For Prometheus we’ve got several places where we’re dealing with effectively unstructured data (or at least it has a structure that’s unknown to us) but it’s important that users be able to extract that data. So we fall back to regexes.
The regexes themselves tend not to be the problem, lots of people don’t get anchoring though.
If you’re running user-supplied regexes on arbitrary data (using popular “regex” implementations - it’s not an issue with actual regular expressions) you’ll hit this issue sooner or later. Make sure you do the right thing when your users' regexes run for exponential time.
If what you want is to allow users to run Turing-complete code on the data (which is what you’re doing, via a rather inefficient encoding, with popular regex implementations), maybe consider embedding a popular/standardized scripting language? That way users at least have the option of using more maintainable approaches (e.g. parser combinators).
We’re using RE2 which doesn’t have this issue.
If what you want is to allow users to run Turing-complete code on the data
We explicitly don’t want that, we’re only looking for data extraction. If a user’s metrics/services/machine taxonomy is so complex that they need a Type-3 grammar to handle it, they have bigger problems and we’ll point them towards our various plugin interfaces to let them code it up themselves in a language of their choice.
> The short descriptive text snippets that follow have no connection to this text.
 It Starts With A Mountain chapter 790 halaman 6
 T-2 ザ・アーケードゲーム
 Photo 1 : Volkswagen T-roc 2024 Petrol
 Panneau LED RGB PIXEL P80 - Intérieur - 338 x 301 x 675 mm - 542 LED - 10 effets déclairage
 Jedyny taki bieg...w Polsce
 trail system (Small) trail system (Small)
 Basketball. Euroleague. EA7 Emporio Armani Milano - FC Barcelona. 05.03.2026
This kind of issue is why we have RE2. It lacks a few features that are sometimes handy in complex scenarios, but is designed to be not subject to pathological cases causing exponential CPU time usage. https://github.com/google/re2
On an unrelated note, and wouldn’t have helped here, I have been using Lua patterns lately, which are quite pleasant and much easier to implement than regex. I discovered them after OpenBSD’s http server implemented them. I don’t actually need to use anything like a regex often, but when I do, I use Lua patterns.
This seems like a problem a regex engine could optimize for. If the character after the anchor doesn’t match and can’t match, restart matching after it. Something like BM string matching. There can still be some very bad patterns and inputs, but a great many practical cases can be so optimized.
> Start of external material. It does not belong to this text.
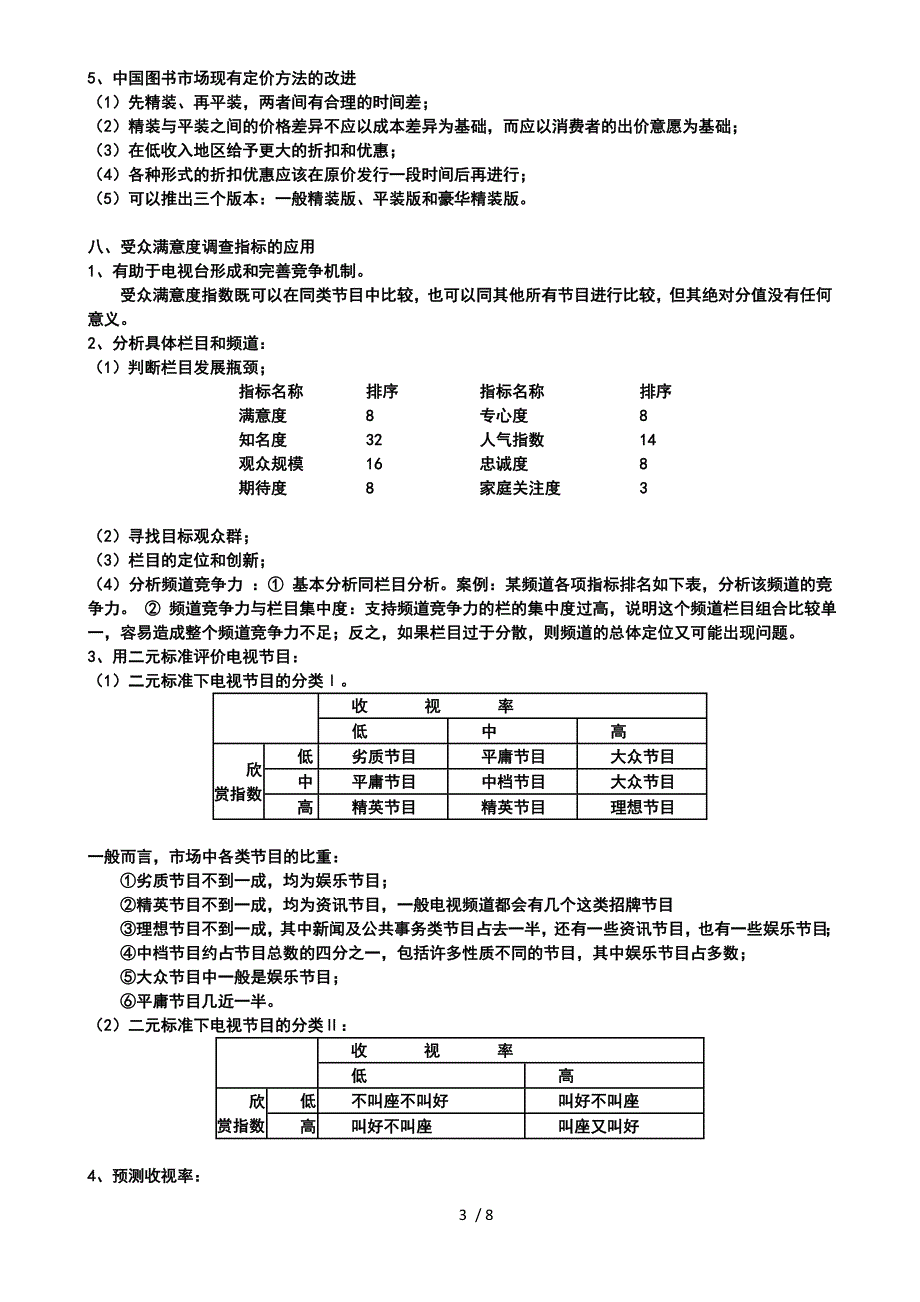 媒介经营管理重点_第3页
.NET regexen have an optional timeout, which should be used 100% of the time when dealing with untrusted data.
Some regex engines provide an API call that puts an implicit .STAR? at the beginning of the regex so that the semantics of the match are “match anywhere” as opposed to “match only from the start of the string.”
– burntsushi @ Hacker News
So, I guess the solution is to put ^.*? in front of the regular expression?
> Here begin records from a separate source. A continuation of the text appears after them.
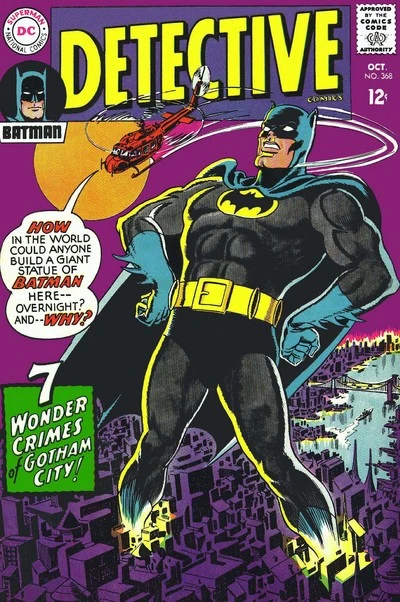 Cover of 7 Wonder Crimes of Gotham City; The Treacherous Time-Trap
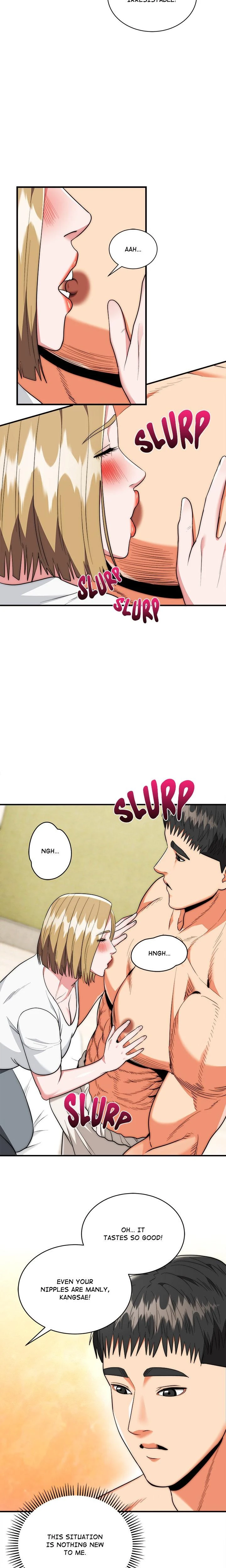 Kangsae The Strong Uncensored Chapter 24 Page 4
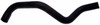 Gates 90-95 Chrysler Lebaron V-6 3.0L Lower Molded Coolant Hose - 21777 Photo - Primary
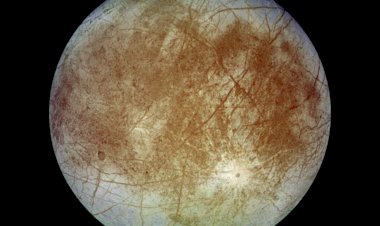 И на Европе есть континенты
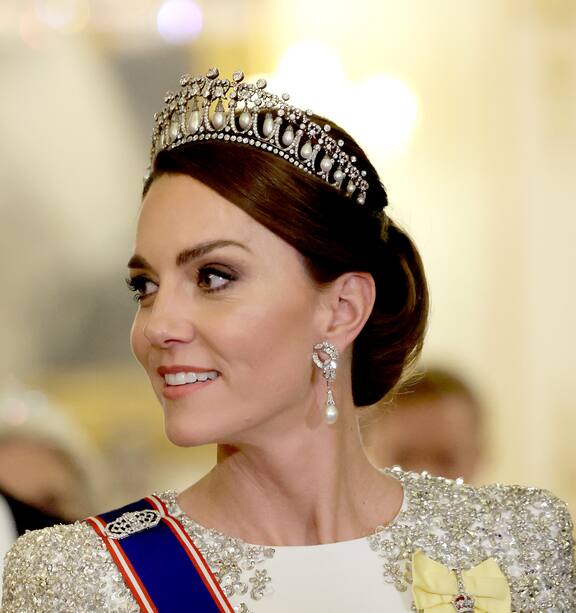 Kate Middleton hints at big royal change happening in the new year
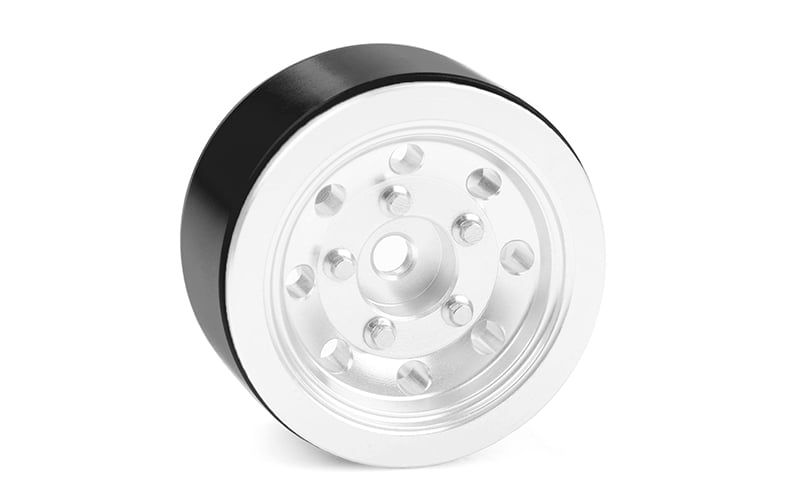 RC4ZW0173	Classic 8-Hole 1.0" Beadlock Wheels V2  | The RC Shop at Dr Dans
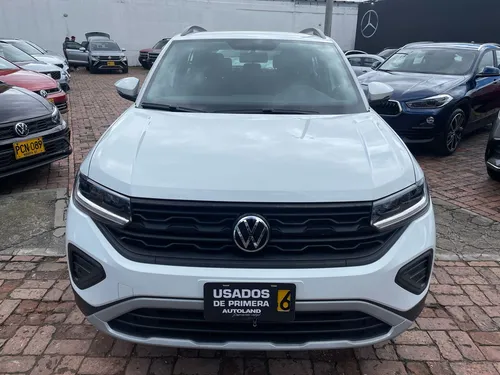Volkswagen T-Cross 1.0 Tsi Trendline Sense At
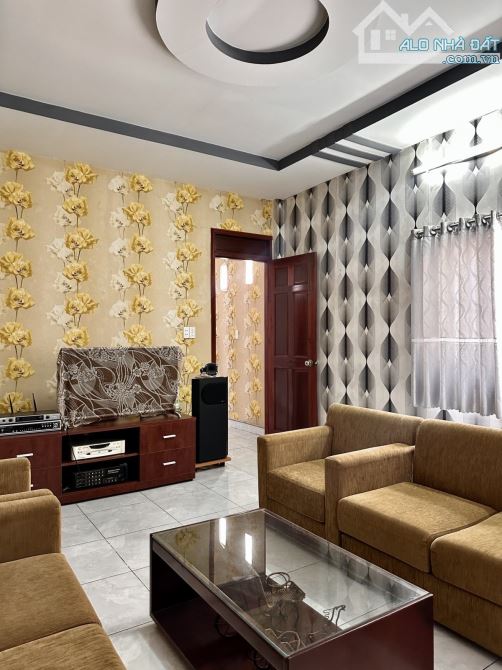 🏦HÓC MÔN THỚI TAM THÔN 10 NGANG 5 nở hậu 6x17=88 m2 giá 5,5 tỷ TL - 4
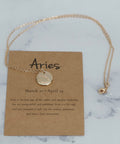 Zodiac Necklaces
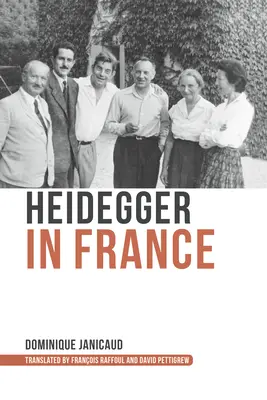 Heidegger in Francia - Heidegger in France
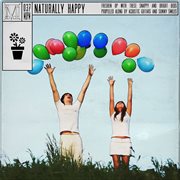 Naturally happy cover image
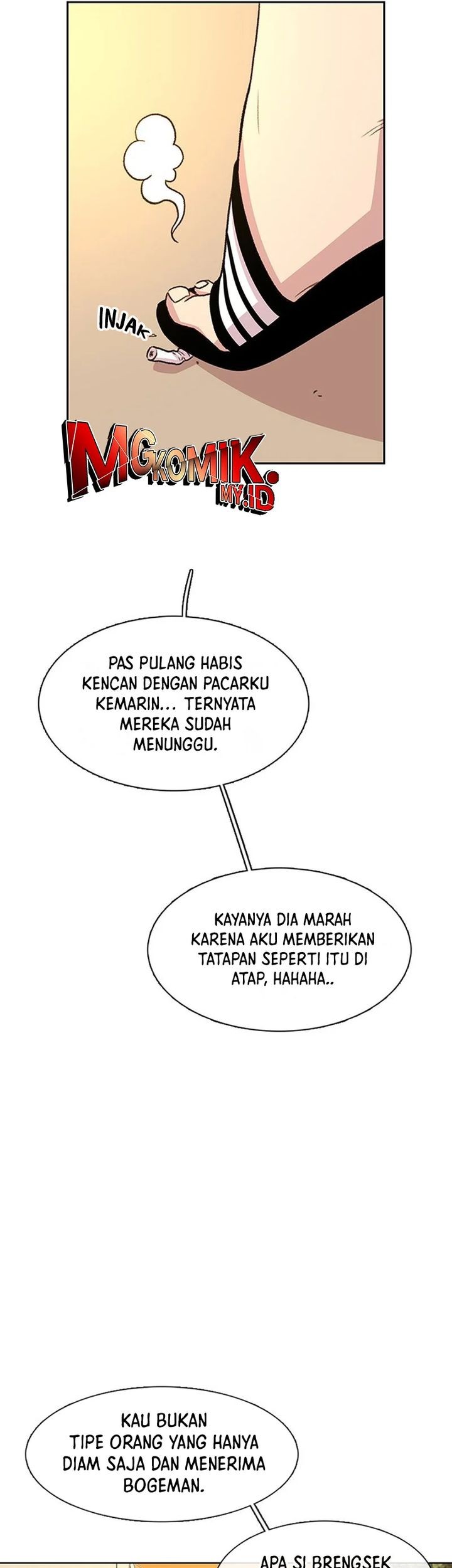 Star Ginseng Store Chapter 42 Gambar 45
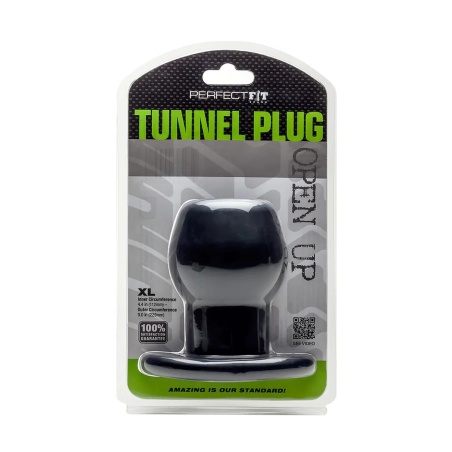 Tunnel Plug  Hollow Butt Plug 46637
I doubt that solves the problem. The problem results from the fact the regex engine has already done that. You only need to do that to reproduce the problem with some engines.
Actual (i.e. non-perl) regular expressions don’t have this problem. I don’t think there’s a lot of value in optimizing out the most common ways to hit the problem - as long as you have the problem you’re going to hit it sooner or later, if anything it’s better to make the problem easier to hit so that you find out about it earlier and take appropriate action.